Volunteer directors are loathe to be confrontational when a CEO has been marginally satisfactory for a number of years, preferring to avoid the “drama” that inevitably accompanies the “changing of the guard.” Directors know such a change may be confrontational and the action of the majority may even split the board. They also inherently know that a termination will require more board meeting time and negotiations, something that can interfere with job and personal commitments.

Yet this type of change can’t be accomplished in a clear and pristine manner — a textbook change is usually not the case. The board first needs to take three major steps.

Work with the CEO – In the best of all scenarios, the CEO’s contract may be expiring and/or she/h may be ready for a transition. The two parties can then arrive at an amicable agreement and timetable for change. Even in this less painful circumstance, there is the possibility that there may be resistance from some board members and staff. If the best scenario is not realistic, arrangements need to be made for the CEO’s termination, hopefully in a mutually satisfactory process.

Board to have its “boots on the ground” — The board needs to make an initial assessment of the qualities necessary for a successor and then move forward and decide to identify potential candidates internally or start to contact employment sources. This requires the board to have comprehensive knowledge of strengths and weaknesses of all managers now reporting to the CEO. It also assumes that the board, in succession planning, knows the capabilities of all personnel who may become successor candidates.

Board consensus – Volunteer directors, not having a financial stake at risk, may be swayed by a jumble of emotion and loyalties. Even though there is a respectable consensus as the process begins, it is not unusual to have some fallout among the directors who may change their minds prior to taking action. In addition, be prepared with a backup plan to address the outbursts of protest from staff, outside community and possibly industry.

The change at best will be disruptive, but the board must remain resolute, never losing sight of the overall rationale. The CEO position needs to evolve as the board reviews opportunities to grow and increase the level of the organization’s services. If the CEO is a “C” Level player, the board has an obligation to seek a “B” level candidate who will be comfortable with the nonprofit’s expanded scope. And if a strategic goal requires a merger or acquisition along with a mission modification, the board would need an “A” level player. A realistic vision of the organization’s growth direction will dictate the strengths required to effectively recruit a new executive leader.

Calming the waters associated with CEO change:

Keep the board resolute! – As stated earlier, volunteer directors can become emotional and succumb to outside pressures and protest.

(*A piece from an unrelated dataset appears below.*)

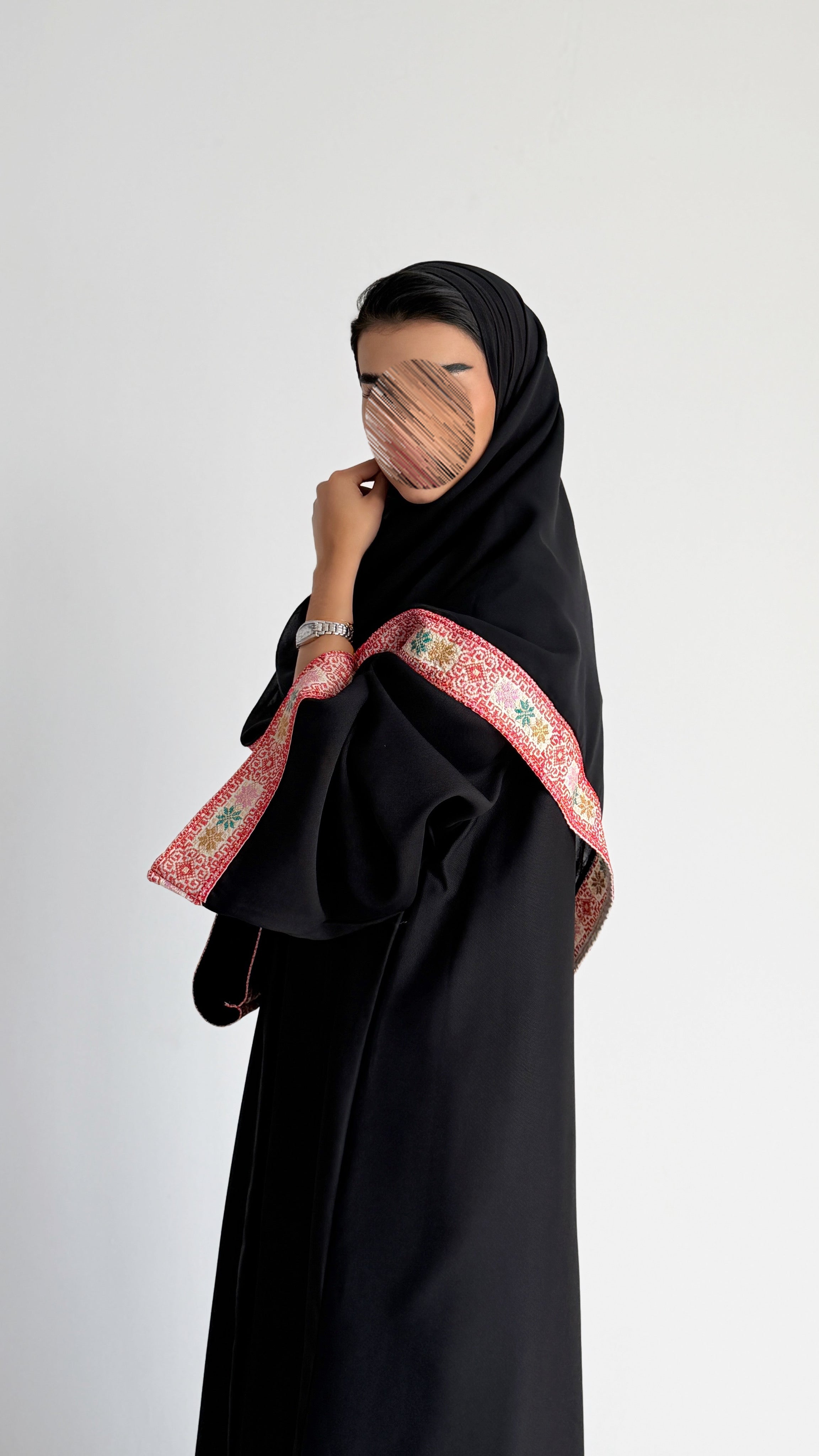 MW1808 - عباية كريب اسود مع تدخيلة كلفة مطرزة - Aya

Be sure that they stay “on message” whether or not the vote was unanimous. Pay special attention to the relatively new board members who may not have internalized the organizational history as deeply as others.

Keep the CEO informed — Once the decision is firmly approved, inform the CEO as soon as possible and in person. Do not notify by letter or email. Be mindful of the contributions he/s has made to the organization and provide reasonable incentives (bonus, references, etc.) to help during the transition. Determine if it is politically and staffing wise to keep the outgoing CEO in a subordinate position, should some specific skills are needed.

Treat outgoing CEO with respect – She/h has made contributions and needs to be credited for them.

Move quickly – Even if the outgoing CEO stays in place for a while or an interim CEO is appointed, set a goal for finding the replacement in a matter of a few months.

Avoid litigation – Legal counsel may be needed to review the termination process to be certain all legal bases are covered.

A change of CEOs is a complex and emotional process. But when the board has identified a significant deficit in the CEO’s intellectual and/or managerial skills that may impede stability and/or further growth, it is of paramount importance that a new CEO be engaged. And it is the right time to make that happen.